Implementing SAH-C in Australia
Recognising the urgent need for prevention-focused interventions, a collaboration between the University of New South Wales and Monash University, with support from the Department of Defence, aims to trial the SAH-C program in the ADF context. If funded, this initiative will test the cultural and operational applicability of SAH-C with Australian couples where one partner is an ADF member. The aim is for the program to also be trialled with members preparing for transition and ex-serving veterans. It will be adapted to local contexts and evaluated for effectiveness in reducing DFV and suicide risks. The planned trial represents a critical step towards meeting the Royal Commission’s recommendations and building the evidence base for prevention in Defence communities.

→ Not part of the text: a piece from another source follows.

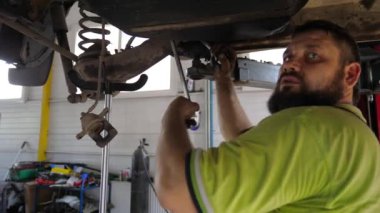 Üniformalı araba tamircisi atölyedeki ingiliz anahtarı aletini kullanarak aracın tamirini yapıyor. Yetişkin erkek tamirci garajdaki kaldırma aracının altında çalışıyor. Otomobil bakımı kavramı.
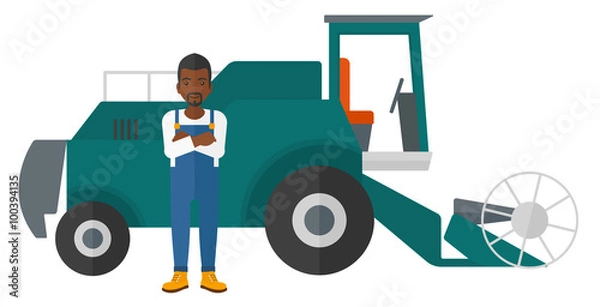 Fototapeta Man standing with combine on background.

Fitting into the Defence DFV Strategic Plan
As a prevention initiative, SAH-C could be an important component of the DFV Strategic Plan. It is designed by and for military people to resonate with ADF personnel and families.7,8 This responds to evidence that genuine organisational change requires a strategy that values the strengths within the existing culture, rather than only critiquing it.10 Sustainable change to reduce DFV should be informed by validating and giving greater emphasis to DFV reduction driven by personnel’s values and strengths.10 The Australian application of the SAH-C intervention embodies the values and principles of ADF. As a psychological intervention, it enables and draws on the strengths of Australian personnel, facilitating their capacity to recognise and value stronger couple relationships in personal and professional lives. This aim will ultimately generate real, sustainable change in preventing both DFV and suicidality.
Conclusion
The Royal Commission into Defence and Veteran Suicide underscored the need for transformative and timely action to protect the lives of serving and ex-serving ADF members. Yet, the connection between DFV and suicide remains under-acknowledged and under-addressed. Recognising the complex and reciprocal nature of this relationship is essential for developing effective prevention strategies.
A shift is needed to complement post violence responses with proactive, trauma-informed, relationship-centred interventions. Programs such as Strength at Home Couples, when adapted for the ADF current and ex-serving members, offer a promising pathway to reduce DFV, strengthen mental health and reduce the prevalence of suicide. By investing in prevention, building strength at home and supporting couples in navigating the challenges of military life, Defence can take a decisive step towards further safeguarding the wellbeing of its members and families.